Effects of variable cycle lengths on Transit Signal Priority operations

Abstract

Traffic signals in a coordinated network normally use a common cycle length which remains constant at all times, including when there is a request for priority from a public transport vehicle. This enables green waves to be maintained effectively but can limit the signals' ability to promptly serve the prioritised vehicle.

To study the effects of momentarily relaxing the constraint of cycle length during Transit Signal Priority (TSP) interventions, a new TSP system is developed for a CRSV halfstarre traffic signal controller, which permits a flexible cycle length during priority interventions. That system is tested using a Vissim microsimulation of a simple fictional network, and compared to the existing fixed-cycle-length TSP system included with the controller.

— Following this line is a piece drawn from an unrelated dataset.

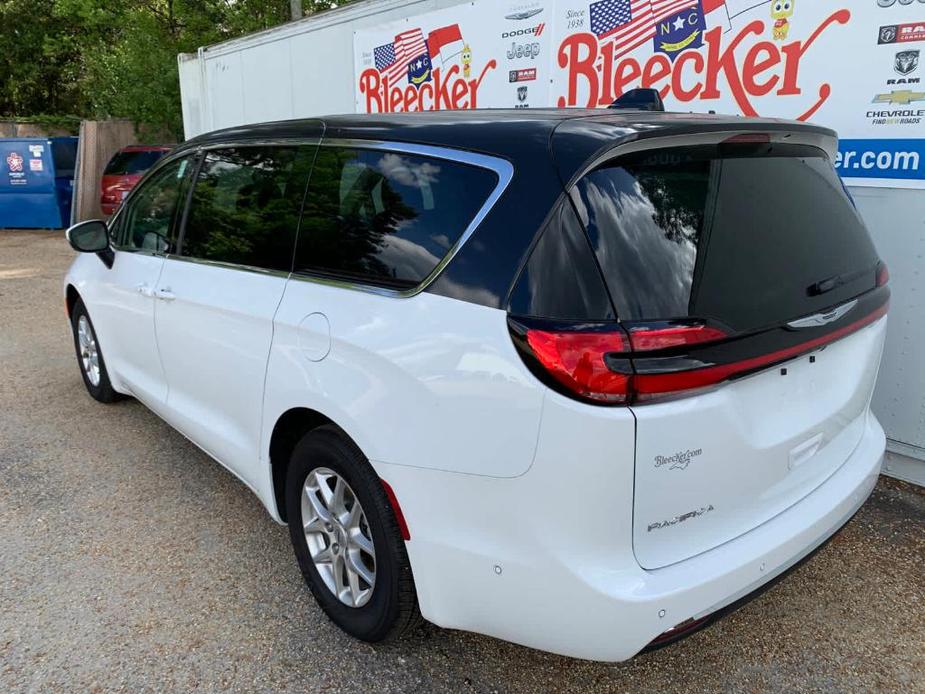 new 2023 Chrysler Pacifica car, priced at $49,860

The new TSP system permits TSP actions as long as it is expected that the signal can return to its normal "in sync" timings within two cycles. During the intervention, the positive and negative impacts on each signal phase are monitored, and "Offset Correction Credits" are distributed, which each represent one second of additional green time. Signal phases which received extra time during the TSP intervention will receive negative OC Credits, and phases which were truncated will receive positive OC Credits. Once the intervention is complete, the signal will execute "offset correction" to return the signal to its normal "In Sync" timings while redeeming OC Credits.

The subject road network consists of fictional road with three coordinated traffic
signals, spaced 150 metres and 400 metres apart. The central intersection is the capacity-critical intersection and also includes a frequent bus line (12 buses per hour per direction) travelling along a median busway perpendicular to the coordinated direction.

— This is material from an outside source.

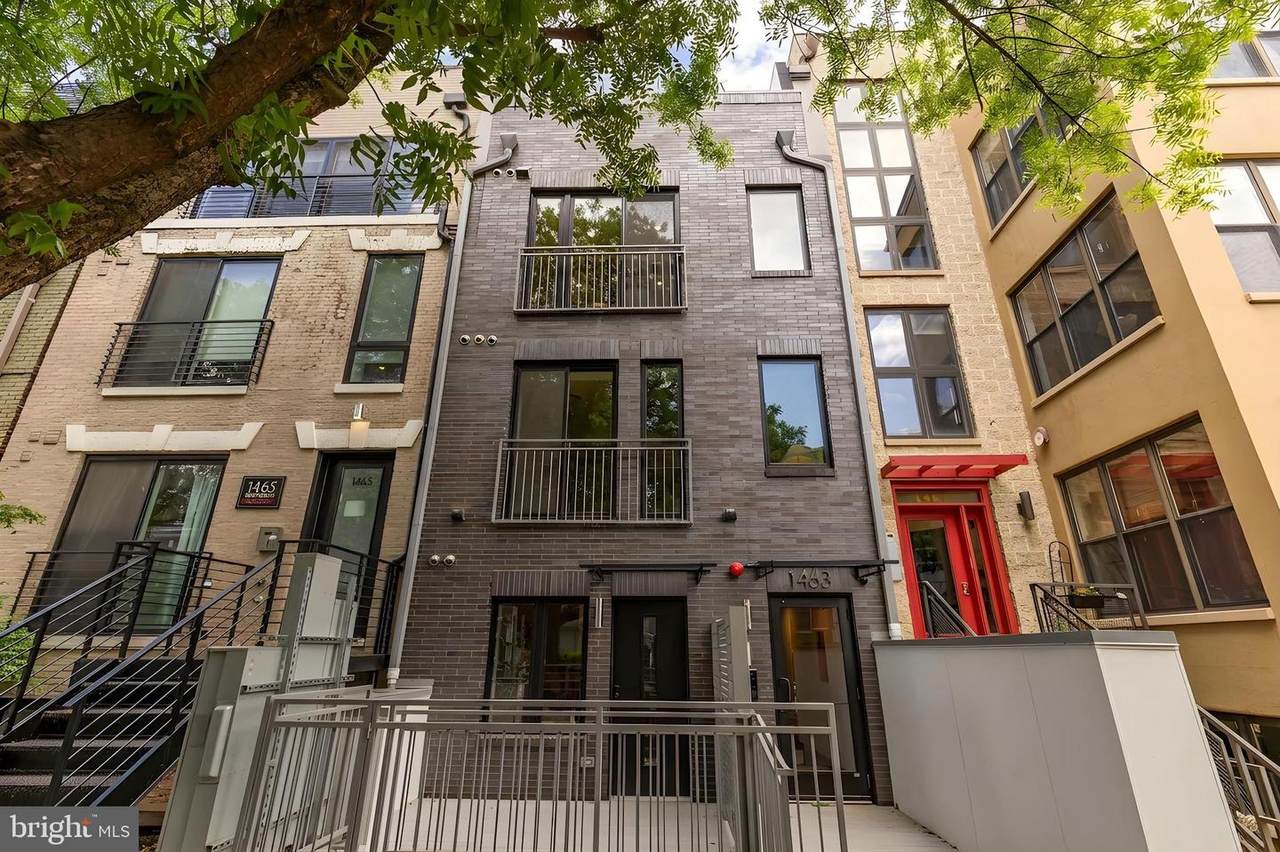 1463 Harvard Street - Photo 1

In the scenario with a high flexibility to reduce green durations, the average delay for late buses dropped by 59% from 10.7 secondsto 4.4 seconds for the flexible-cycle system compared to the fixed-cycle system. With low flexibility, the average delay for late buses dropped by 78% from 28.0 seconds to 6.2 seconds. The large improvements in performance for buses are due to the flexible-cycle TSP systems being able to execute more TSP actions such as phase insertions which may not fit within a fixed cycle length.

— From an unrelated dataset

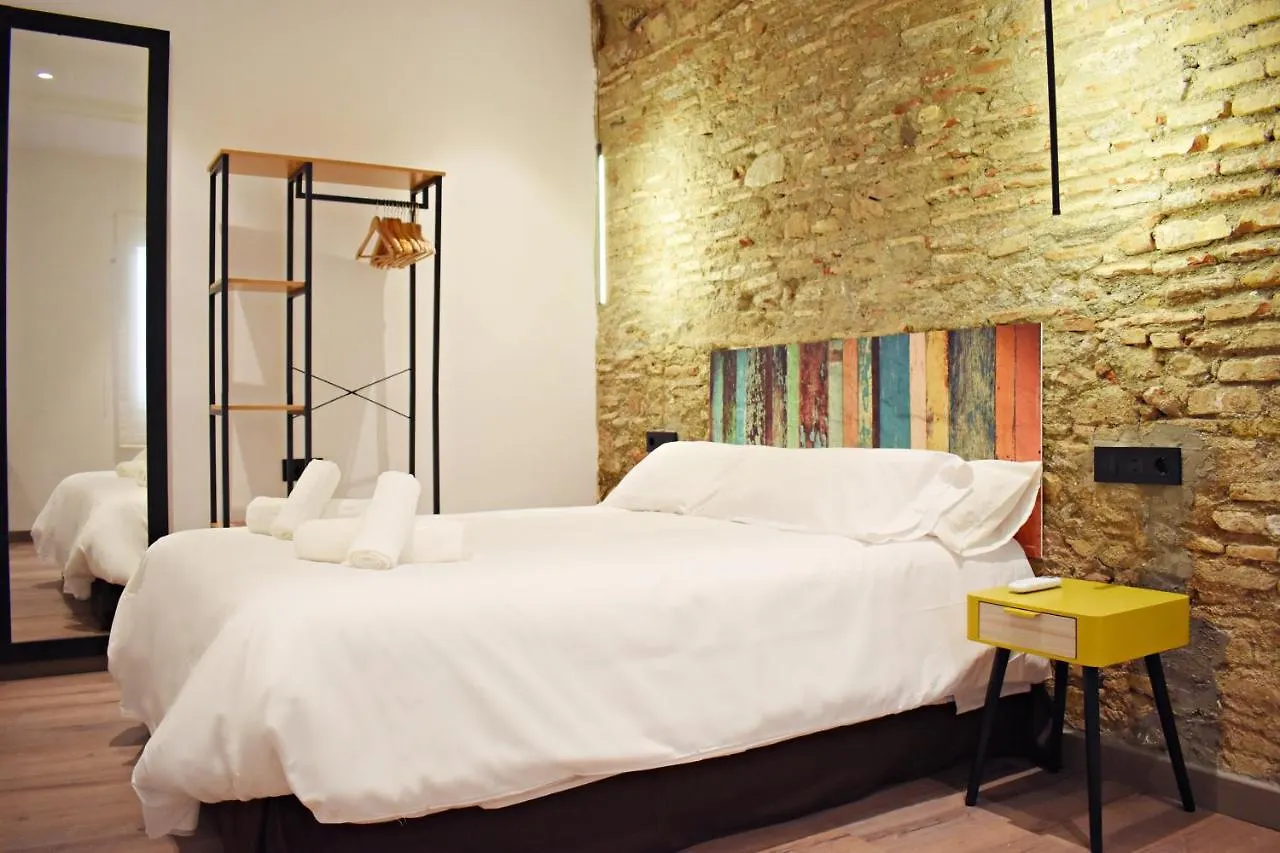 Apartamento Antares Edificio Centrico De 1800 Malaga 0*,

However, the controller’s ability to remain in sync was negatively impacted and the frequency of queues exceeding storage increased by as much as 70% on short roadway links. However on long roadway links, delaysand queue lengths decreased in the coordinated directions thanks to the new TSP system’s green time compensation mechanism.
When the assumed occupancy rate for late buses is 50 passengers (corresponding to a busy but not overcrowded standard bus), there was no significant difference in person-delay between any of the scenarios. Early buses were not included in the calculation for average person-delay.